• _Data_:

□ □ □ □

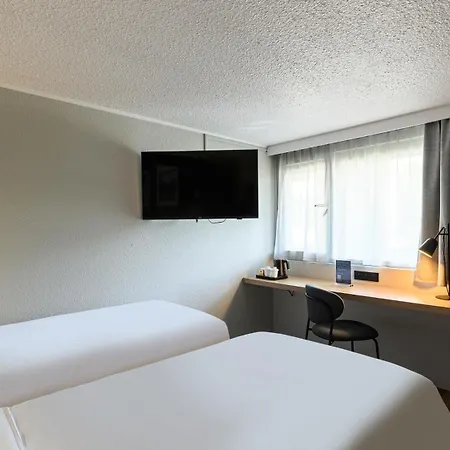 Campanile Marne-la-vallée - Hotel 3*
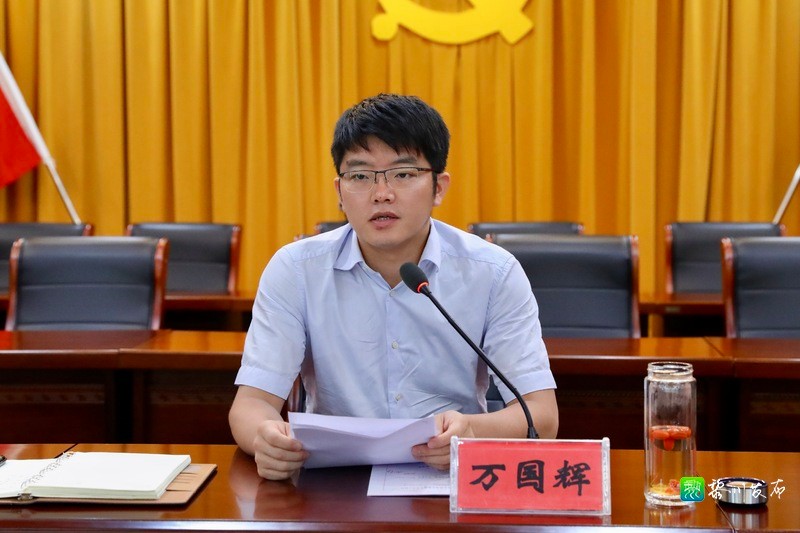 县长万国辉讲话;县委常委,常务副县长陈武光,县委常委,副县长杜国辉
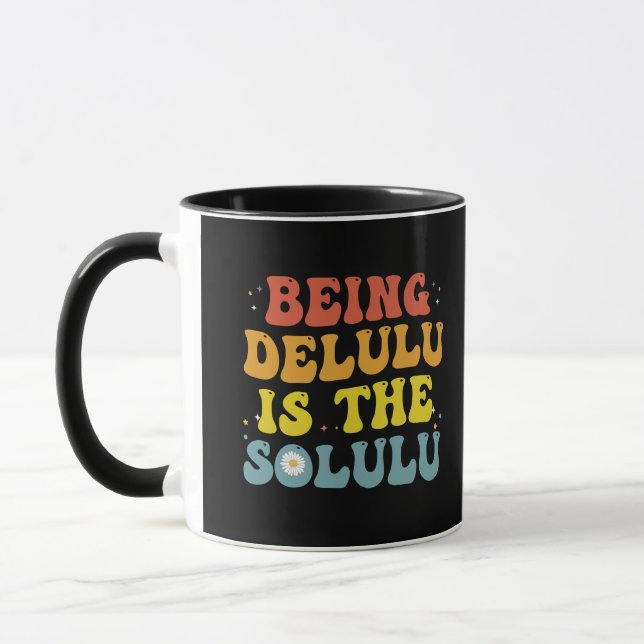 Caneca Ser Delulu É O Retro Solulu Funny Groovy GenZ (Esquerda)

□ □ □ □

• _Description of the task_: Quote the listing above in full, except for the pictures.

• _Output below_:
 Campanile Marne-la-vallée - Hotel 3*
 县长万国辉讲话;县委常委,常务副县长陈武光,县委常委,副县长杜国辉
 Caneca Ser Delulu É O Retro Solulu Funny Groovy GenZ (Esquerda)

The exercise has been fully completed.